そして何よりも、現役の頃になかった水泳を楽しむ心が生まれた。
「今本当に、泳ぐのが楽しくて仕方ないんですよ。」

◆18歳から100歳まで――幅広い年齢層が参加するマスターズ
『サブマリン』のメンバーは全員で18名。年齢は40歳代が多いが、サラリーマン、医師、教員、主婦など、さまざまな職業の選手が集まっている。現在、日本マスターズ水泳協会に加盟するチームだ。
マスターズ水泳とは、18歳から100歳まで、5歳ごとの年齢別に区分した水泳競技のこと。5歳ごとという細かい区分により、記録更新への目標がたてやすく、年齢にあった練習が可能になる。年間80以上の大会が、協会により全国各地で開催されるので、常に試合前の緊張感を保つことができる。現在、日本では約3万3千名を超える選手が登録し、その数は世界一だ。

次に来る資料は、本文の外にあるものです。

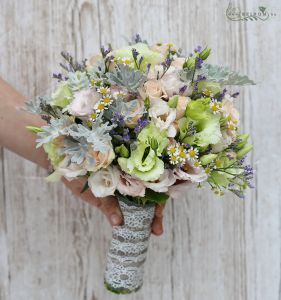 Bridal bouquet (lisianthus, spray rose, chamomile, senecio, green, light pink, pastel)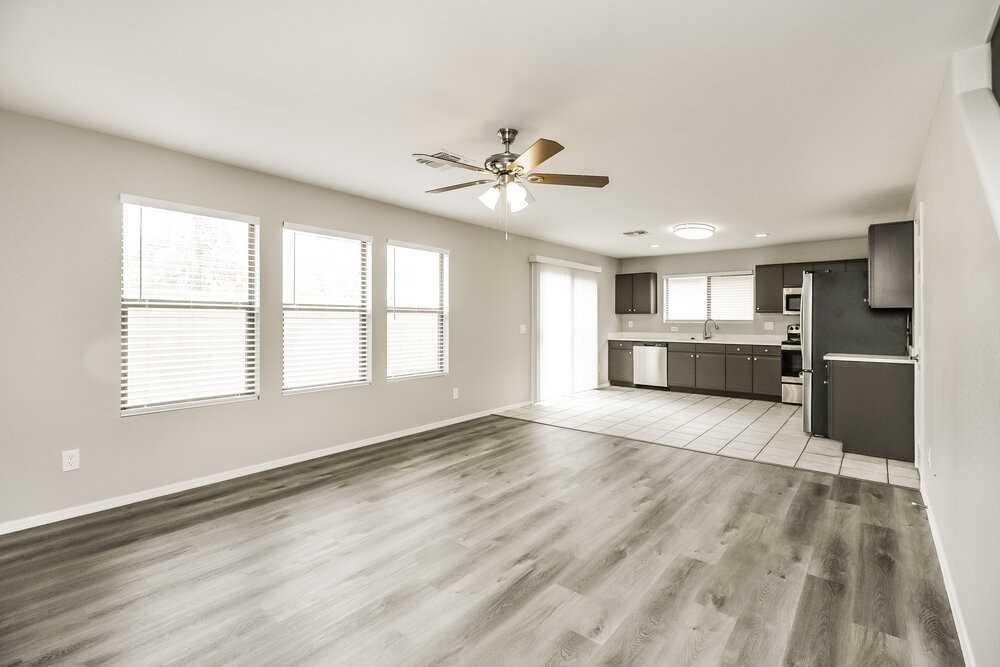 2236 E Spruce Dr - Photo 5 of 17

また、協会では1年間の大会の集計から、区分ごとに「全国50傑ランキング」という上位50名の選手名を載せた雑誌が毎年編集される。「そのランキングに載ることが、嬉しく、みんなの目標にもなっている。」(長棟さん)という。
自分よりも年上の選手の活躍は、励みにもなる。
「マスターズでは、70歳、80歳の選手がたくさんいます。泳いでいる姿を見て、私もまだまだ頑張らんといかんな〜あ。」

◆チームとしても楽しめる個人競技
サブマリンが結成されて4年。メンバー募集については、「一度見学にきてください」とのこと。また、他チームとの合同練習も受付ている。
「水泳は個人競技が多いけれど、一人よりも、仲間がいて、みんなでワイワイやる方が、いい。会社以外の人と付き合える。いろんな話ができる。それが、楽しい。水泳だけが目的では寂しいですから。」
基本的に練習は個人だが、月2回、合同練習がある。大会の後の打ち上げは欠かせない。花見や、バーベキュー大会も楽しみのひとつだ。
「水泳は20代までと思っていたのに、全然違った。水中で身体を動かすから、陸上運動とは違って負担がかからないんです。水泳は、生涯スポーツとして十分やれる競技なんでしょう。」
楽しむものとして、水泳を再び始めた長棟さん。
水泳を仲間と一緒に楽しもうとして結成された、『サブマリン』。
競技に仲間に――年齢とともに水泳の楽しみを重ねるチームが、ここにある。